Miranda warnings and waiver, however, are only required by the police when a defendant is subjected to a custodial interrogation. State v. Paahana, 66 Haw. 499, 503-504, 666 P.2d 592, 596 (1983). In this case, there is no dispute that Trinque was in custody after he had been arrested and handcuffed in the pasture. The real question is whether the statements at issue were the product of an “interrogation.”

A Friendly Chat with the Defendant is not an “Interrogation.” “[T]he ultimate question becomes whether the police officer should have known that his or her words or actions were reasonably likely to elicit an incriminating response from the person in custody.” State v. Ketchum, 97 Hawaii 107, 119, 34 P.3d 1006, 1018 (2001). The ICA held that the interaction on the bench between the officer who knew Trinque’s daughter and Trinque was not an “interrogation” requiring a Miranda warning.

According to the ICA, “it is difficult to see how telling a defendant not to make a statement can constitute ‘interrogation.’” The ICA pointed out that the officer wasn’t trying to elicit an incriminating statement and that he told Trinque not to make a statement. Thus, according to the ICA, there was no basis for the trial court to suppress the statement.

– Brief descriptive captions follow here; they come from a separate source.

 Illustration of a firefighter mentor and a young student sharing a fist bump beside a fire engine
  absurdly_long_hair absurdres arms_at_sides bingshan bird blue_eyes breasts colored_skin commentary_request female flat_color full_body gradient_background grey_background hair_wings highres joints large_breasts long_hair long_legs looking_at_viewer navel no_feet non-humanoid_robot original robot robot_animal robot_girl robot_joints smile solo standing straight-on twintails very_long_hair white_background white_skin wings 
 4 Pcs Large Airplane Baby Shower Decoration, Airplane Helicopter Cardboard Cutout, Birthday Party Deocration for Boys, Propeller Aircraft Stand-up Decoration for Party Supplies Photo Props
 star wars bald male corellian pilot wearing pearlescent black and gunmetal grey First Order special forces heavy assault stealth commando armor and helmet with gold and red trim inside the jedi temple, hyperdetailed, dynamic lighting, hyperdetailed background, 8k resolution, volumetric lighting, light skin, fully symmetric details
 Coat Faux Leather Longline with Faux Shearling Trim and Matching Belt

The Third Statement at the Station is Not a Fruit of the Poisonous Tree. Having held that the statement at the bench was admissible, the ICA further held that the third statement at the police station was not a fruit of the poisonous tree. Under the FOPT doctrine, “the use of evidence at trial which comes to light as a result of the exploitation of a previous illegal act of the police” is excluded. State v. Fukusaku, 85 Hawaii 462, 475, 946 P.2d 32, 45 (1997). A confession made after an inadmissible statement is not “automatically inadmissible.” State v. Joseph, 109 Hawaii 482, 499, 128 P.3d 795, 812 (2006).

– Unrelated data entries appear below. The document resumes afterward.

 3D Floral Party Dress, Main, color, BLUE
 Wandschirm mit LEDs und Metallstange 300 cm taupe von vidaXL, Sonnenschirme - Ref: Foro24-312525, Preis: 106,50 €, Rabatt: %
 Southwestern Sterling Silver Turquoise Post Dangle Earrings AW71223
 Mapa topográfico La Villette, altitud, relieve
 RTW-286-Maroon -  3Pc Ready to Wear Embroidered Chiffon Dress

The ICA independently examined the statement at the police station and held that it was not tainted by the first statement in the pasture and since the second statement was admissible, taint was irrelevant there.

Judge Ginoza’s Concurrence. Judge Ginoza wrote separately from the majority comprised of Chief Judge Nakamura and Judge Foley. Judge Ginoza took “a somewhat different view” about the interaction between the officer watching Trinque on the bench. Judge Ginoza agreed that because the officer told Trinque not to make a statement, it should not be considered the product of a custodial interrogation. However, Judge Ginoza wrote that absent the warning not to make a statement, the officer’s initiating of conversation with the Trinque makes it “foreseeable that in other circumstances, regardless of the intent of the officer, words or actions such as those by [the officer] could start to approach the line of interrogation.”

So what’s the Beef? The split in the ICA panel appears to center around the officers conduct. The majority seems to suggest that the intent of the officer is paramount and because the officer did not intend on getting an “incriminating statement” out of the suspect, it cannot be interrogation. Judge Ginoza’s concurrence is more nuanced. She agreed with the result: that in this case, the officer’s conduct was not likely to elicit an “incriminating” response. But she wrote separately to point out that the officer’s intent does not always determine an “interrogation.”

She’s got a point. An interrogation depends on whether the officer knew or should have known that they were “reasonably likely to elicit an incriminating response.” State v. Eli, 126 Hawaii 510, 522, 273 P.3d 1196, 1208 (2012). In other words, there’s an element of objective measurement. It is not always based on the subjective intents and beliefs of the officer. Moreover, the statement need not be “incriminating.” State v. Joseph, 109 Hawaii at 495, 128 P.3d at 808. So that would mean that an “interrogation” can arise when the officer should have known that his or her words or actions are reasonably likely to elicit any kind of response. Judge Ginoza didn’t dissent because she agreed with the result. Perhaps someday another case will compel (pun fully intended) to break ranks on this point.